Since the savannah is a hybrid of a wild and domestic cat, some cat medications, vaccines, etc. are not suitable for them. Generation F5 (fifth) is considered completely domestic and the treatment of such savannahs is practically no different from the treatment of other breeds of domestic cats.
Hybrids are more susceptible to some injectable forms of anesthesia than domestic cats. The use of ketamine along with medetomidine (Domitor, Dorbene, Dormilan, Medetor, Sedastart, Sedator, Sederm) and butorphanol (Alvesesic, Dolorex, Torbugesik, Torbutrol, Torfazol) with an antagonist of atypamezole (Antisedan, Atipam, Servopam, Revertor), therefore it is used for anesthesia in the savannahs. Isoflurane can be used instead of ketamine, instead of injectable anesthetics.
Savannah blood counts are known to be indistinguishable from typical domestic cats, despite their serval genes. Some veterinarians claim that savannahs have smaller livers (relative to body size) than regular pets.
The Pfizer Felocell 4 vaccine is suitable for vaccinating savannas. Although the manufacturer recommends vaccinating annually, many breeders vaccinate their savannahs every two or three years, depending on the situation.
Some breeders do not recommend vaccinating kittens against feline viral leukemia with FeLeuk vaccine, as they do not tolerate it well. But in adult savannahs, negative reactions to this vaccine were not observed.

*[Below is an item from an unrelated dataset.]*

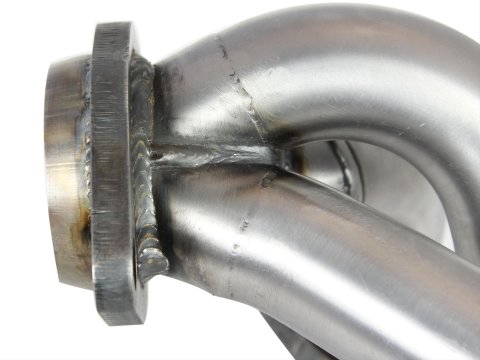 aFe Twisted Steel Header SS-409 HDR Jeep Wrangler JK 07-11 V6 3.8L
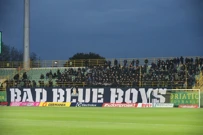 Navijači Dinama u Puli, Foto: Goran Mehkek/CROPIX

In 2009, Scarlett Magic won the title of the largest domestic cat in the world, measuring 43.43 centimeters at the withers. In 2017, the record was broken by another savanna named Arcturus Aldebaran Powers, who is 48.3 centimeters tall at the withers and weighs 13.6 kg.
20 nicknames for savannah
For male kittens: Orest, Anuar, Vajo, Ibor, Garvan, Prang, Tagar, Emir, Nebi, Nartysh.
For female kittens: Assi, Vilda, Damia (na), Tigress, Barbara, Mistigri, Suria, Ilona, Seshat, Iza.